What do Allie Sherman, Don Shula, and Joe Gibbs all have in common?
They have all won back-to-back AP Coach of the Year honors.
Minnesota Vikings head coach Kevin O’Connell is trying to join that elite company this season. However, Sherman, Shula, and Gibbs have one thing all three have in common that KOC is lacking: at least one trip to the championship game during the season in which they won the award.
The only season one of these coaches won the award without making the championship game would be Shula’s 1967 season with the Baltimore Colts, who missed the playoffs altogether. Shula shared the award with George Allen that season, the only time two coaches tied for the award.
While every Vikings fan wants to see them reach the title game, the NFC North will be one of the toughest divisions in the league, and the NFC playoffs will be a gauntlet.
The more likely scenario is that this team misses the playoffs. If you ask the sportsbooks in Vegas, they have the Vikings at a -110 split on whether the team will or won’t make the playoffs.
Fans probably hope the Vikings enter the season with better odds of making the postseason. Still, a team missing the playoffs can have a coach of the year. In 1990, Jimmie Johnson won the award while coaching a team that went 7-9.
How could KOC win COTY if the team misses the playoffs?
Replicate last season
Vegas didn’t expect last season’s Vikings to do much, if anything at all. Before the season, oddsmakers set their over-under at 6.5, two games lower than their current 8.5.
In a league that prioritizes the quarterback and is always focused on what a player has done lately, the Vikings didn’t enter the 2024 season with a sure thing at quarterback. After J.J. McCarthy suffered a season-ending knee injury before the season started, Sam Darnold became the de facto quarterback for the entire season.
However, as O’Connell has said, “Organizations fail young quarterbacks, not quarterbacks failing organizations.”
He backed up his assertion by making Sam Darnold look like a viable MVP candidate, meaningfully contributing to Darnold’s resurgence.
As we enter the J.J. McCarthy era, we’re hearing a lot of the same chatter. McCarthy may have been the 10th pick in the draft two years ago, but he has yet to prove anything with talent all around him. Jordan Addison will miss the first three games of the season due to suspension. Still, that doesn’t change the fact that this is an incredibly talented team. That 1-0 thinking that carried the team last season will definitely need to be on display, for better or worse, if KOC wants to do the improbable.
Rely on what he’s known for
O’Connell’s strength lies in developing quarterbacks and maximizing their potential, regardless of who is under center… He has had five different quarterbacks play the position since becoming the head coach for the Vikings in 2022. All except Jaren Hall have at least one win in a game they started for O’Connell.
KOC has become known as the “Quarterback Whisperer” due to this uncanny ability to know exactly what makes the man under center play to the best of their abilities.

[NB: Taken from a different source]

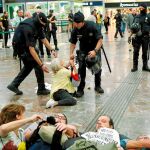 Los radicales trataron de paralizar la estación de Sants y protestaron ante la sede de la Policía Nacional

A young McCarthy will learn a great deal under KOC’s direction. While it could lead to another playoff berth for the Vikings, anything can happen, especially with someone unproven in the NFL.
Staying competitive
The main way O’Connell becomes a two-time Coach of the Year is by keeping this team competitive throughout the season. If the Vikings miss the playoffs and are not competitive at all, O’Connell won’t be Coach of the Year.
It is the NFL, and anything can happen on any given Sunday. For all we know, the New Orleans Saints could beat the Buffalo Bills in Week 4 of the season.
Suppose the Vikings prove that, through the ups and downs, they just happened to have ended up on the wrong side of one-score games. While unlikely, given his current 26-9 record in said games, the chance that there is some regression to .500 should be considered. Then it’s not completely out of the question for O’Connell to be a two-time award winner; it just makes the feat harder to accomplish.
The Vikings could have a winning record but miss the playoffs in a tie-breaking scenario or a competitive NFC, like the 10-7 Seattle Seahawks last year. In that case, the voters should still consider KOC for Coach of the Year.
The Vikings would be regressing by missing the playoffs, making it harder for O’Connell to win the award. Still, there’s something to be said for a coach who can lead a team to its third winning record in four seasons with six different starting quarterbacks.
If O’Connell can replicate some of his success from last season, continue doing what he is known for, and keep this team competitive, there is no reason to believe that this team misses the playoffs. If the Vikings make the playoffs, KOC should still be considered for this prestigious award.
Suppose KOC wins it. Then, he could make history by being the first ever to win Coach of the Year in back-to-back years, without reaching the championship game. Feels oddly fitting for the Vikings, who always win in the regular season but have yet to win it all.